First, there is a description, and perhaps attempted understanding, of this incident as an anomaly reflected in statements such as “This is not the University of Alberta that we know.” While these incidents may be rare, such a statement can mask more institutionalized and everyday forms of racism that are normalized or where opposition is silenced. In other words, by constructing something as “out of the ordinary,” we mask the ordinariness of racism in our society.

So while people might not be subject to verbal taunts or racist posters daily, other forms of racism are present that make being in this institution more difficult, and sometimes extremely alienating and hard, for some.

Second, I have a lot of respect for how the #MakeItAwkward campaign on social media has sparked a discussion on race. This is an excellent way to point out everyday racism and to get people to name and challenge it by doing something to confront it. This is important because it is not only action but also inaction that allows racism to continue in our society. However, while making it awkward may work as a tactic in certain situations, how does one make issues like racist police violence or missing and murdered Indigenous women awkward? Centuries of racialized structures need more than awkwardness to dismantle them and to elicit action by those who invest and benefit from the way the current system works.

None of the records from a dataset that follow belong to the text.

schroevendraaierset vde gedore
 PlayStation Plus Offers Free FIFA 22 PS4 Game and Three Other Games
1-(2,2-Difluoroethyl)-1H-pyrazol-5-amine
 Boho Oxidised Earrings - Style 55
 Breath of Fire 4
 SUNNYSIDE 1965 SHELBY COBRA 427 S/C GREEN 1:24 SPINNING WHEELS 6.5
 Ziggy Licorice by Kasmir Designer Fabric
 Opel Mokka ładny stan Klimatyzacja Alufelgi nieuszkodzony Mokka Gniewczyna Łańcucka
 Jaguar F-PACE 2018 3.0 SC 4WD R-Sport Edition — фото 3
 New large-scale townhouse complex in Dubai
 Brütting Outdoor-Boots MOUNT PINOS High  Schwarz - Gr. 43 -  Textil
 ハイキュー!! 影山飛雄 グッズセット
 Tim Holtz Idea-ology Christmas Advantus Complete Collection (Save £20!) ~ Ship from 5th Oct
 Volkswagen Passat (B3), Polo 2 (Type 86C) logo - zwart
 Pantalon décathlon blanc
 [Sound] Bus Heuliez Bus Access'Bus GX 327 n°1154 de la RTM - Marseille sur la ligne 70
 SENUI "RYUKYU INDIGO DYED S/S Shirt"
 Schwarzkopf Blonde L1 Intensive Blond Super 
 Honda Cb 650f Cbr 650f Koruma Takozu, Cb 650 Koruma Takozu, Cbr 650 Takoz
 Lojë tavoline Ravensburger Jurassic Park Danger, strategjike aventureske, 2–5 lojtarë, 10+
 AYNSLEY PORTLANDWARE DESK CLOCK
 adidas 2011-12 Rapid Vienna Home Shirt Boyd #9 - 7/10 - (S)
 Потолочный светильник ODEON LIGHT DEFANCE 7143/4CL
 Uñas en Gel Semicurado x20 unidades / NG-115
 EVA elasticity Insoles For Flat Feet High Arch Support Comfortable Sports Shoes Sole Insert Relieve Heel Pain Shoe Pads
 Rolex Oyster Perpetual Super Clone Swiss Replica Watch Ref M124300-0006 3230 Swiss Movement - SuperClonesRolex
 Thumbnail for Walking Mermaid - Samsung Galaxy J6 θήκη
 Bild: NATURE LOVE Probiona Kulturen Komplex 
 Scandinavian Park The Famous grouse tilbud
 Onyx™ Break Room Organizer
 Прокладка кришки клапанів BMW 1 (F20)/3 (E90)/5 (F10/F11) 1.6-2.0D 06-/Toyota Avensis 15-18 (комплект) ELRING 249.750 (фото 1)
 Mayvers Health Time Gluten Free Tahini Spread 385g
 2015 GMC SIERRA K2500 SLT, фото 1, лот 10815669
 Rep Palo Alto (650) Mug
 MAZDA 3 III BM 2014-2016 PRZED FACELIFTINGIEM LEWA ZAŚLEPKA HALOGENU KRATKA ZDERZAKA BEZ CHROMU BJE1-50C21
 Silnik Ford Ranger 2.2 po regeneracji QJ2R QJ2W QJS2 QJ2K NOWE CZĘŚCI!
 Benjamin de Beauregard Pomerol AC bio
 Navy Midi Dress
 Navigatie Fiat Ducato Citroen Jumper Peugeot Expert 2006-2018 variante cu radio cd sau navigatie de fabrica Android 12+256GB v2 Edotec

So as we move people to action by “making it awkward,” we have to continue to push further in how we understand and address racism and white supremacy in its diverse expressions. I believe many using the hashtag would agree that it is a useful tool, but one among many.

Faculty of Education: Do you think these incidents are happening more frequently, or is it that we’re more aware and sensitive to instances of racism nowadays—more likely to report, speak out and also share via social media?

ADC: Social media has provided a powerful platform to expose daily incidences of racism and to share things that are happening across wide and varying geographies and social spaces.

Social media has been essential at a time when corporate and mainstream media fail the population in terms of covering the significant issues of our time and in terms of providing a space and visibility for marginalized and oppressed populations to speak and share their experiences. Social media has been essential to political organizing, and should be seen as a complement to, rather than replacement for, coming together to take action when needed through social protest, direct action and struggle in and with oppressed communities.

Feature image:“Issues of race and racism are always present on campuses as they are in wider society,” says Faculty of Education professor Alex Da Costa, seen here outside the Students’ Union Building on North Campus.